You might ask, “Really? Who lies on their resume?” The answer may surprise you. According to a CareerBuilder.com survey of hiring managers and employees (and based on the other surveys we’ve seen, these are extremely conservative estimates), 18 percent of candidates lied about their skill set and 7 percent lied about the companies they had worked for. Over the years, our experience has led us to the same unfortunate conclusion — there are far too many occurrences of resume falsification. Some recent examples include:
• A candidate whose resume was exemplary; she was charming, professional and ultimately was a finalist for a general counsel position. A review of her resumes from earlier years, however, turned up several inconsistencies: a) different law firms showed up on different versions; b) employment years were changed; and c) the candidate had actually passed the California Bar much later than reflected in her resume. The candidate was pulled from the finalist spot.

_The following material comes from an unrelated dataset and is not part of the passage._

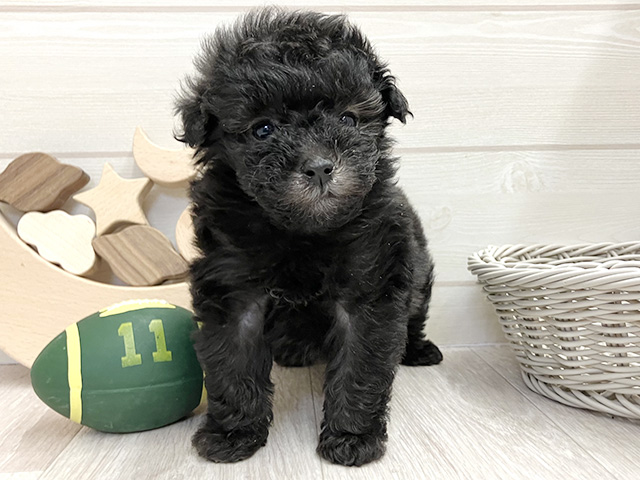 愛知県のトイプードル(タイニー) (ペッツファースト大高店/2025年11月15日生まれ/女の子/シルバー)の子犬の1枚目の画像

• A candidate with stellar credentials was looking for an in-house position. He added a year onto his law firm experience, but neglected to mention that one of those years was spent as a summer clerk, and not as an associate. Additionally, the candidate indicated that he had two jobs at the same time, and upon further probing, it came out that he was only an intern in one of the positions.
• A candidate was looking for an in-house position. He morphed his solo practitioner experience working on some small matters for a computer company into an item on his resume that stated that he was actually employed inside that company.
We severed our ties with each of the above candidates after discovering their dishonesty. Being caught lying on your resume is a more common occurrence now that: a) the economy is so bad, and b) data is sent, organized and stored on a computer. Dusty file cabinets and lost paper documents have gone the way of the dinosaur. The old paper trail has become a much more easily followed cybertrail.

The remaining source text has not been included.